» What this task involves:
Could you write out exactly, and only, the lines from the one containing "PACK Sanotint Sensitive" through the last line of the data, leaving out all pictures?

» Records shown:
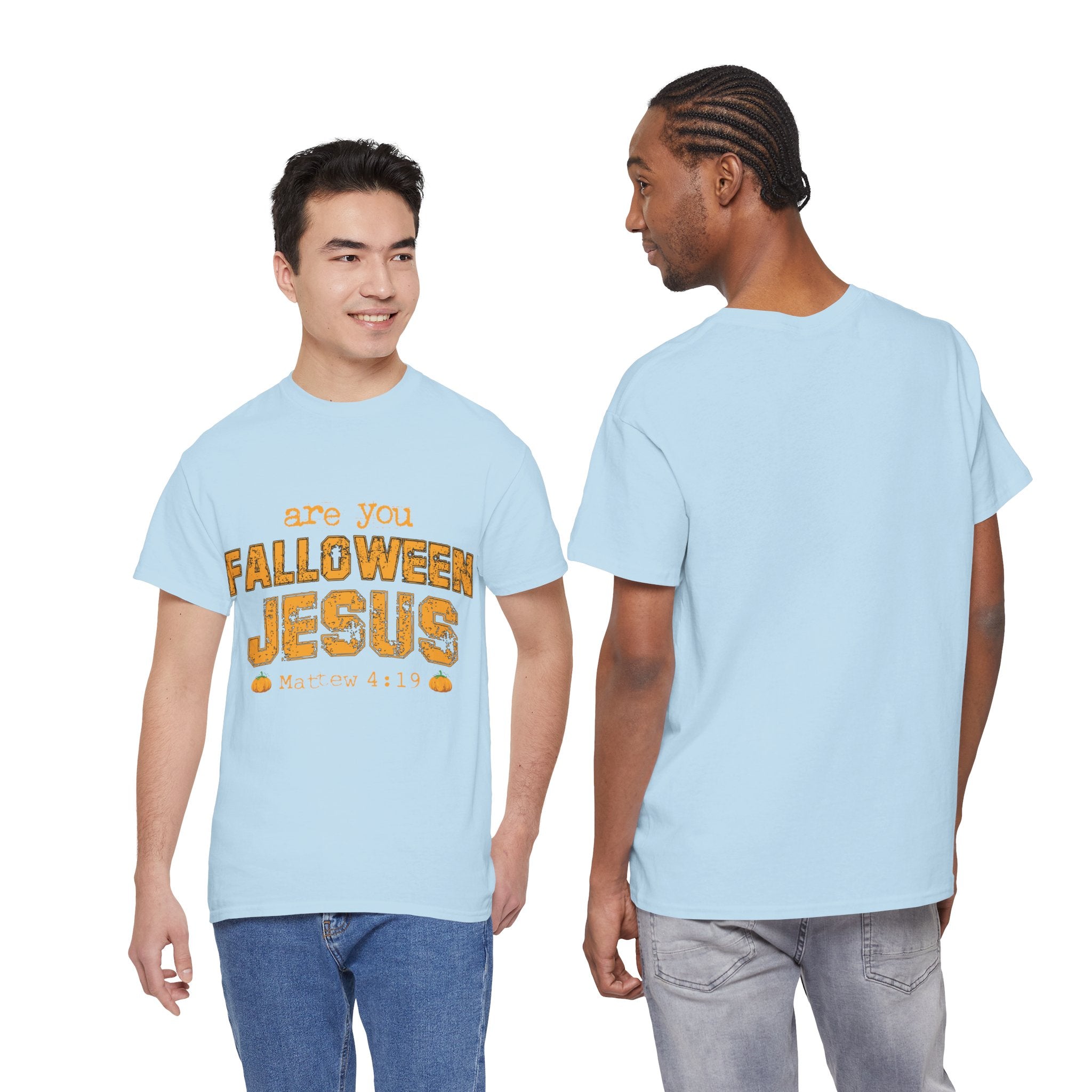 Christian Halloween T-Shirt — “Are You Falloween Jesus? Matthew 4:19” Distressed Pumpkin Design. Unisex Cotton Tee
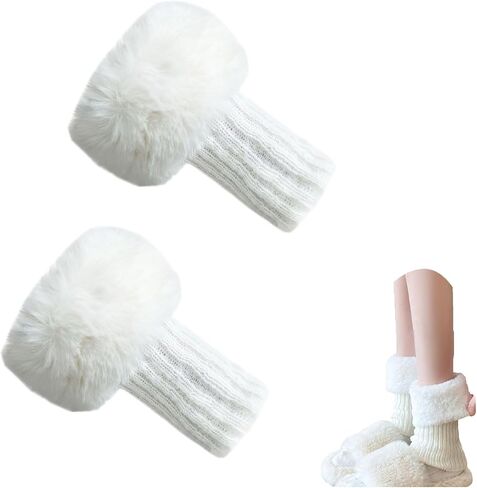 Tahonuss Women Faux Fur Leg Warmers Plush Leg Boot Covers Short Furry Fuzzy Boot Socks Topper Girls Winter Knitted Foot Cuffs in Saudi Arabia
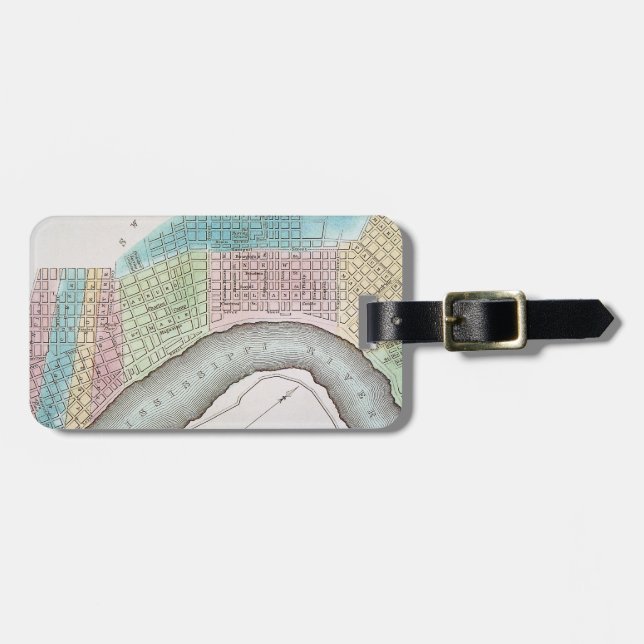 New Orleans Map, 1837 Luggage Tag (Front Horizontal)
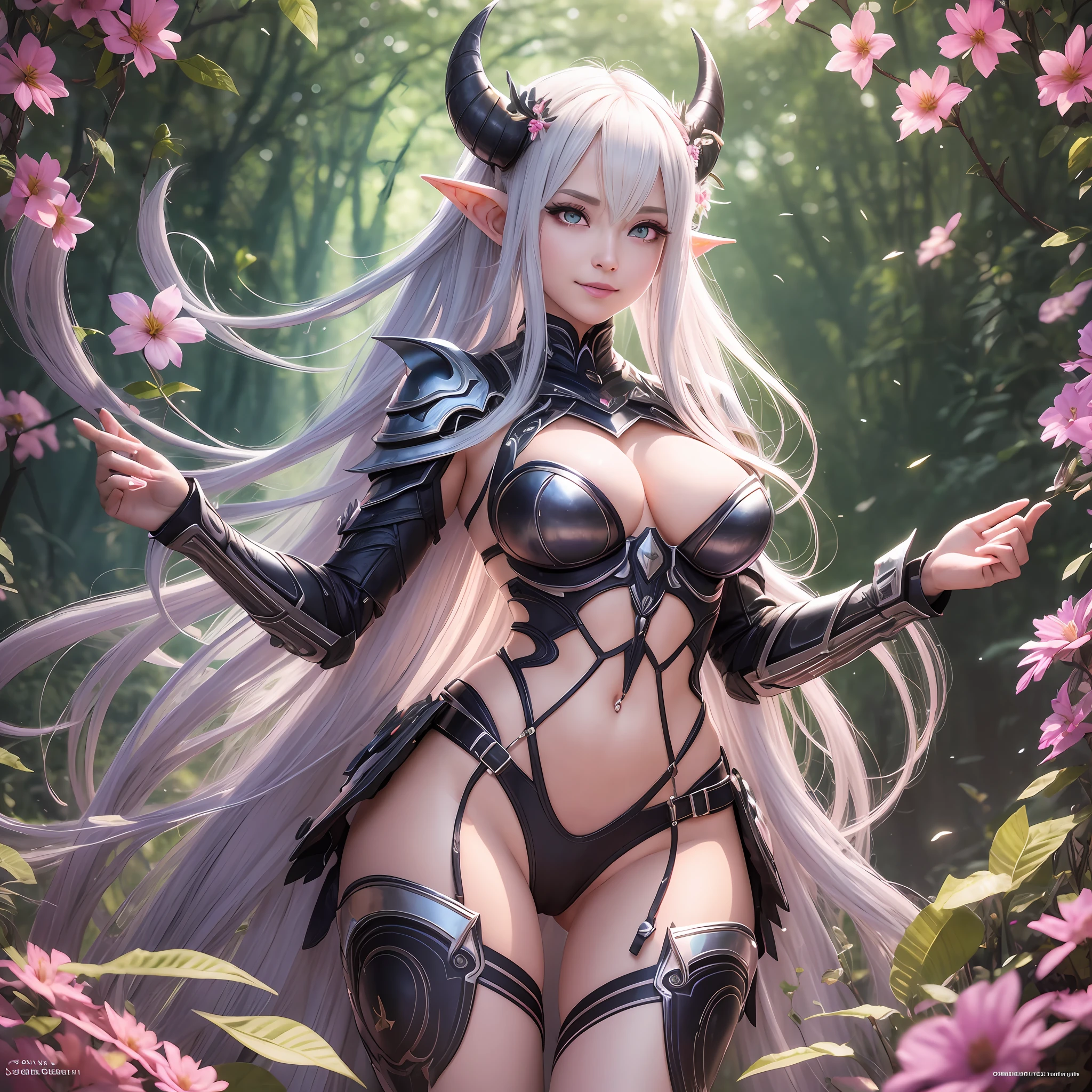full body, full portrait, mature cybernetic Female elf dragon hybrid walking through a lush forest of flowers and vines wearing white and black battle armor, Beautiful,ultra realism, thick thighs, breasts, camel toe, wince, long eyelashes, solid circle eyes, light smile, ear blush, fang, silver hair, expressive hair, wet hair, straight hair, braided bun, hair strand, absurdly long hair, halo, hair flower, demon horns, horns, eye reflection, aqua eyes, amber eyes, pink eyes, orange eyes, makeup, light smile, grin, blush, fangs, tongue, licking lips, fang out, teeth, full-face blush, Surrealism, drop shadow, anaglyph, stereogram, tachi-e, pov, atmospheric perspective, depth of field, cinematic lighting, sparkle, glowing light, god rays, ray tracing, reflection light, backlighting, blending, bloom, drop shadow, image fill, 8k, super detail, ccurate, best quality, UHD, retina, masterpiece, ccurate, anatomically correct, textured skin, super detail, high details, high quality, award winning, best quality, highres, 1080P, HD, 16k --auto --s2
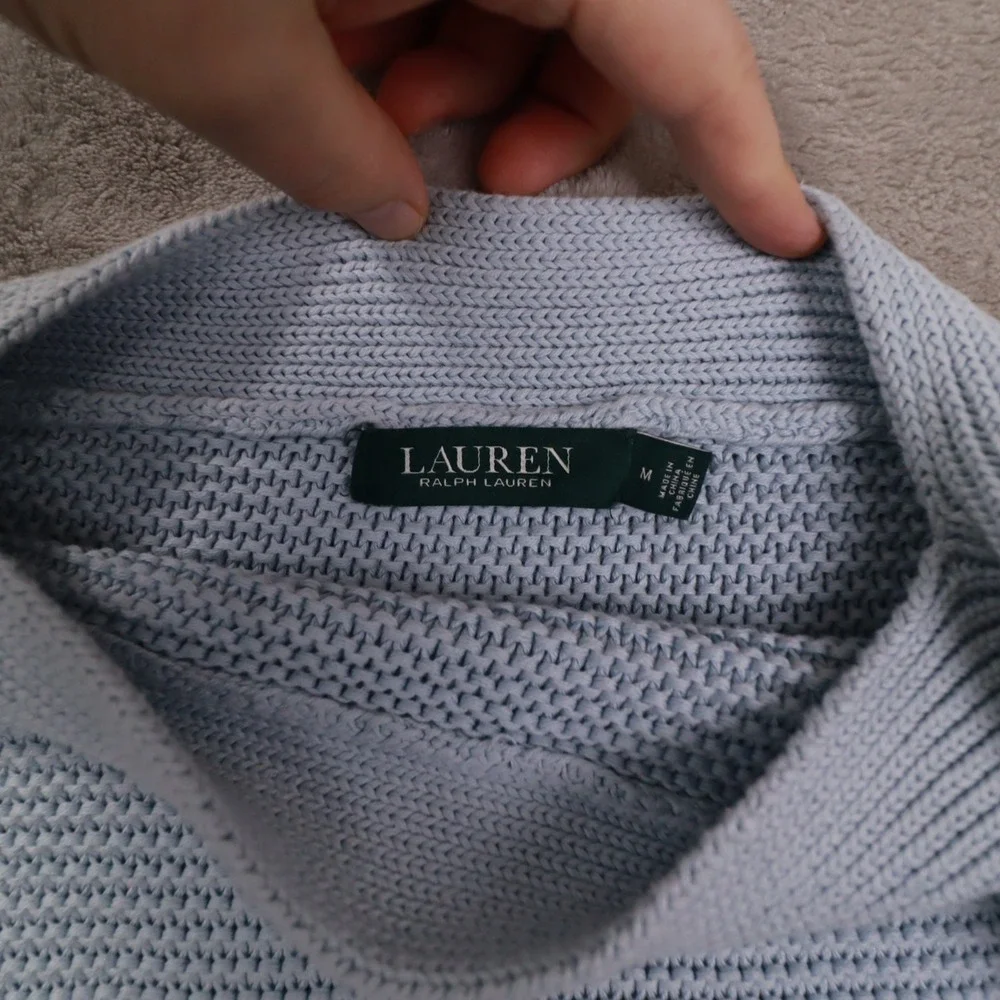 Lauren Ralph Lauren Knit Women's‎ Medium Long Sleeve Sweater Blue Boat Neck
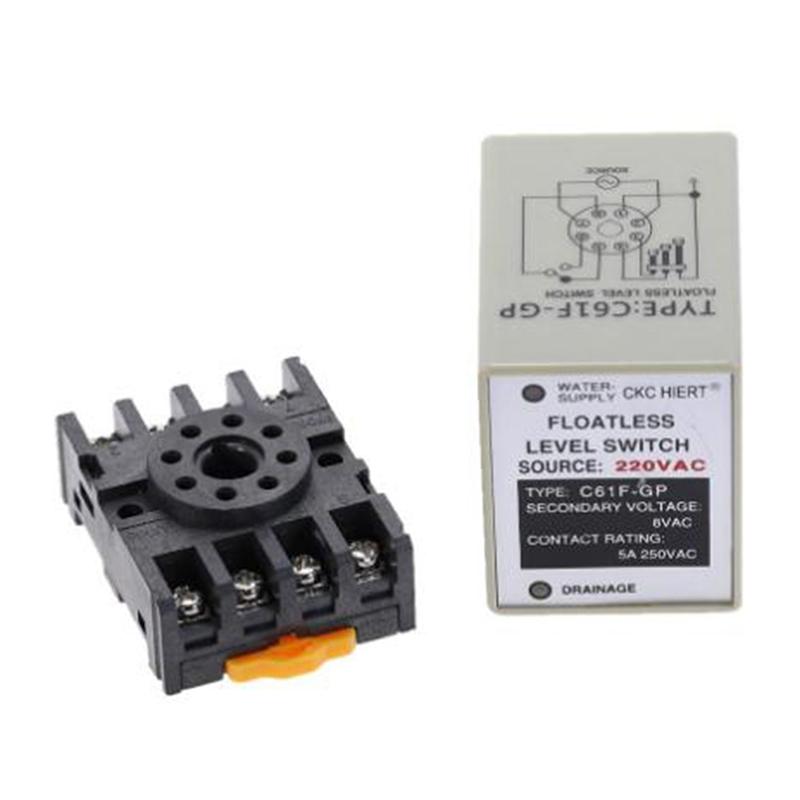 Relais de niveau C61F-Gp Ac220V Contrôleur de niveau de commutateur de niveau sans flotteur avec base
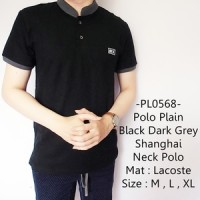 Jual Kaos Berkerah Pria Distro Plain Black Dark Grey Shanghai Neck - 568 Murah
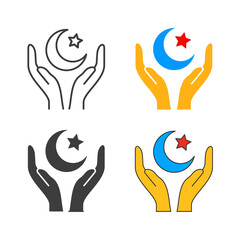 Icon of hands holding crescent moon. Vector illustration.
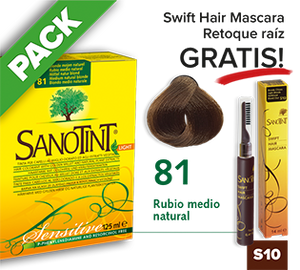 PACK Sanotint Sensitive - 81 Rubio medio natural + Swift Hair S10 gratis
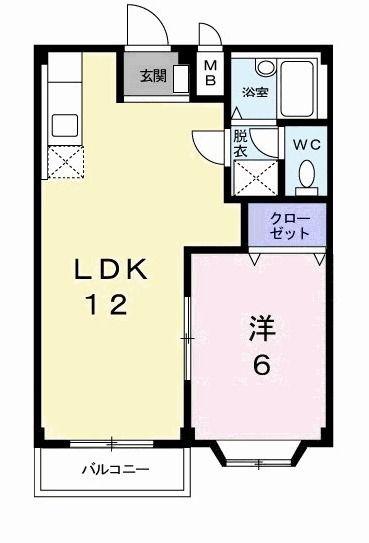 パステルハイツ21B棟(1LDK/2階)の間取り写真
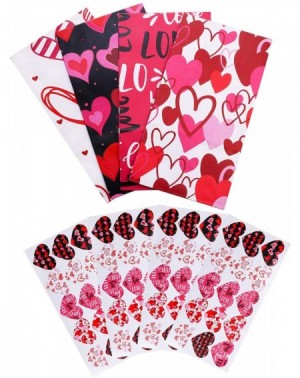 Party Packs 48 Pieces Valentine's Day Paper Bags Kraft Party Hearts Gift Bags Craft Paper Bags with 60 Pieces Label Stickers ...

» Worked solution:
 PACK Sanotint Sensitive - 81 Rubio medio natural + Swift Hair S10 gratis
 パステルハイツ21B棟(1LDK/2階)の間取り写真
 Party Packs 48 Pieces Valentine's Day Paper Bags Kraft Party Hearts Gift Bags Craft Paper Bags with 60 Pieces Label Stickers ...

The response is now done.